▸ **Exercise goal**: Return the stretch from the line with "Vignan School - Madinaguda" through the line with "Thumnail bilde 1" in the data below, character for character, skipping all pictures.

▸ **Information supplied**:
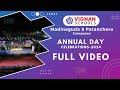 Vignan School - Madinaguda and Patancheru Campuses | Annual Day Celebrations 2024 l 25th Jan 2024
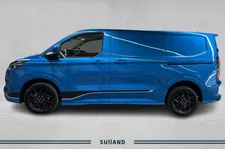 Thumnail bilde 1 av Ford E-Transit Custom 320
---
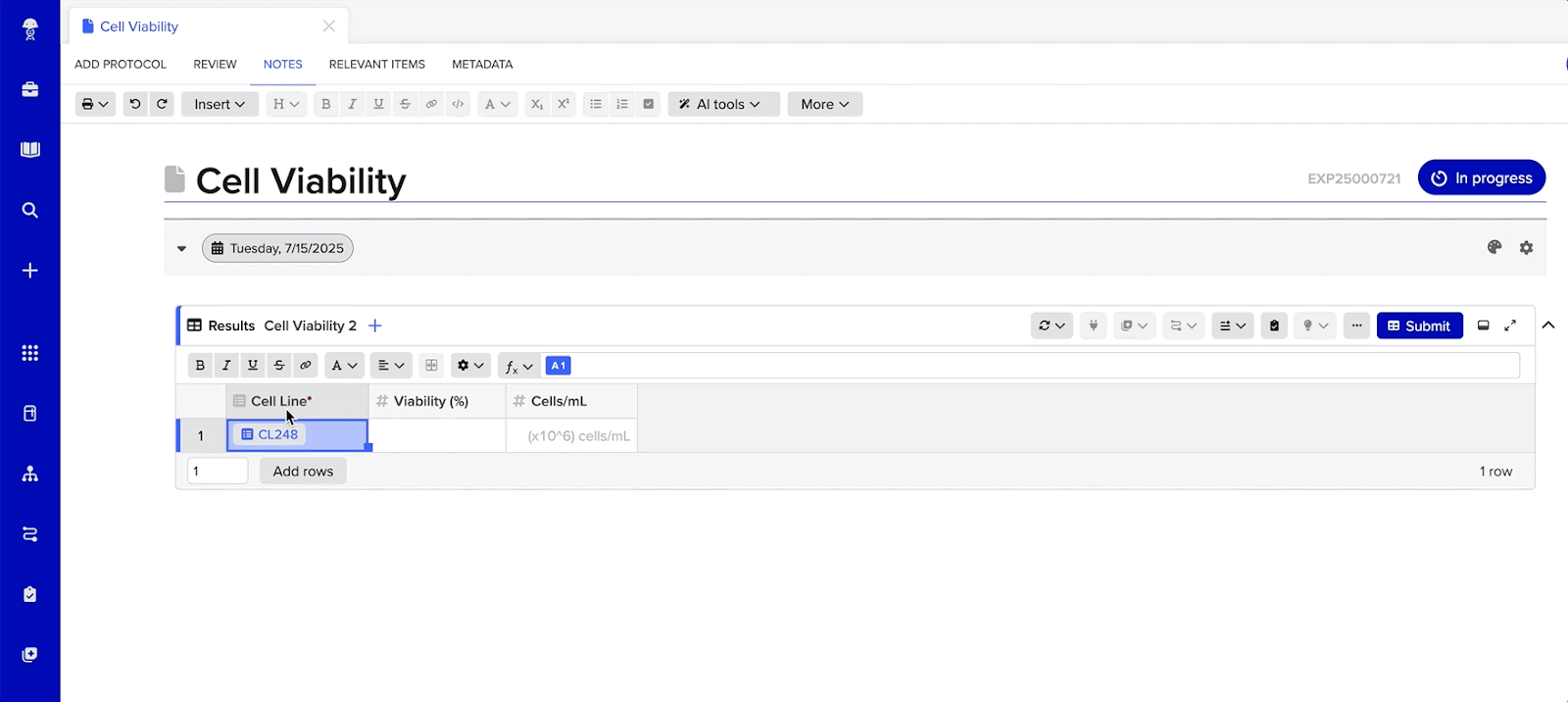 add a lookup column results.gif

▸ **Answer section**:
 Vignan School - Madinaguda and Patancheru Campuses | Annual Day Celebrations 2024 l 25th Jan 2024
 Thumnail bilde 1 av Ford E-Transit Custom 320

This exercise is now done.